Exchanges of salts and volatiles in Europa’s hydrosphere

Ocean worlds have become a major focus of interest in exobiology and planetary science due to their internal structure and dynamics [1]. Among them, Europa is one of the most promising candidates for the search for life in the Solar System. Its very young surface suggests intense tectonic activity and the existence of a subsurface liquid water ocean in direct contact with a rocky core allows strong water-rock interactions and efficient heat and mass transfer, which is a key ingredient for habitability.
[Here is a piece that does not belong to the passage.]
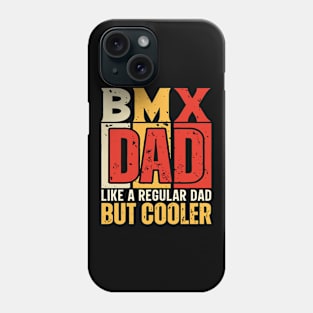 bmx Dad Like a Regular Dad but Cooler Design for Fathers day Phone Case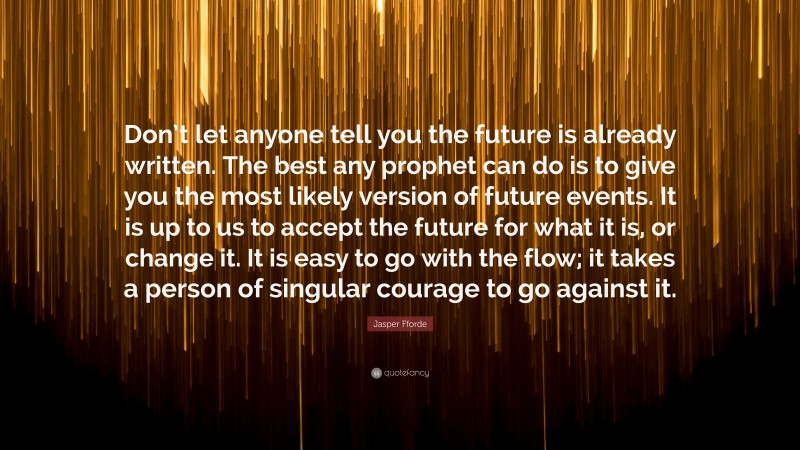 Jasper Fforde Quote: “Don’t let anyone tell you the future is already written. The best any prophet can do is to give you the most likely version of future events. It is up to us to accept the future for what it is, or change it. It is easy to go with the flow; it takes a person of singular courage to go against it.”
Europa’s subsurface ocean likely contains salts, mainly NaCl and/or MgSO₄ [2,3], inherited either from its differentiation phase and/or from water-rock interactions. Recent observations from multiple space missions also confirm the presence of salts at its surface [2,3,4]. While they might also originate from the exterior environment, their coincidence with geological structures rather suggest an internal origin. This work investigates the hypothesis that these salts may originate from the ocean and be transported to the surface by tectonic extension of the ice shell. The thickness of Europa's ice layer may vary considerably in time (~3-70km) due to gravitational interaction with neighboring moons Io and Ganymede [5]. When the ice layer is thinner, the ocean-ice boundary is highly tidally deformed, leading to fractures. Salty water can infiltrate the ice and recrystallize, enriching the ice with salts. When the ice layer thickens, deformations of the interface are smaller, limiting the infiltration of salts from the underlying ocean. However, salts that have previously been trapped in the ice can be transported through the shell by convection or tectonic processes. The oscillating thickness of Europa’s ice shell leads to global contraction or extension of the surface. The extension process may cause rifting [6], which facilitates mass exchanges between the ocean and the surface. To investigate how the combination of extension process and convection affects the heat and mass transfer, we solve the thermo-chemical convection equations in a 2D Cartesian model of Europa’s ice shell, using a finite element method and the advection of Lagrangian tracers. Preliminary results from two scenarios are shown in Figs.1 and 2, where a thin layer of salty ice (containing 10% and 15% MgSO₄, respectively) is set in the upper part of the ice shell and for an extension velocity of 10km/Myr. The figures show viscosity (top) and density (bottom) fields at three different time steps. In both cases the rift due to the extension process is clearly visible in the viscosity fields. For 10% MgSO₄ (Fig.1), the salts are easily transported upwards and spread along the rift at the surface. The presence of the salts within the band at the end of this run is interestingly similar to the distribution of salts on Europa’s surface. For 15% MgSO₄ (Fig.2), the higher density causes only a fraction of the salts to reach the surface, while the rest collapses downward.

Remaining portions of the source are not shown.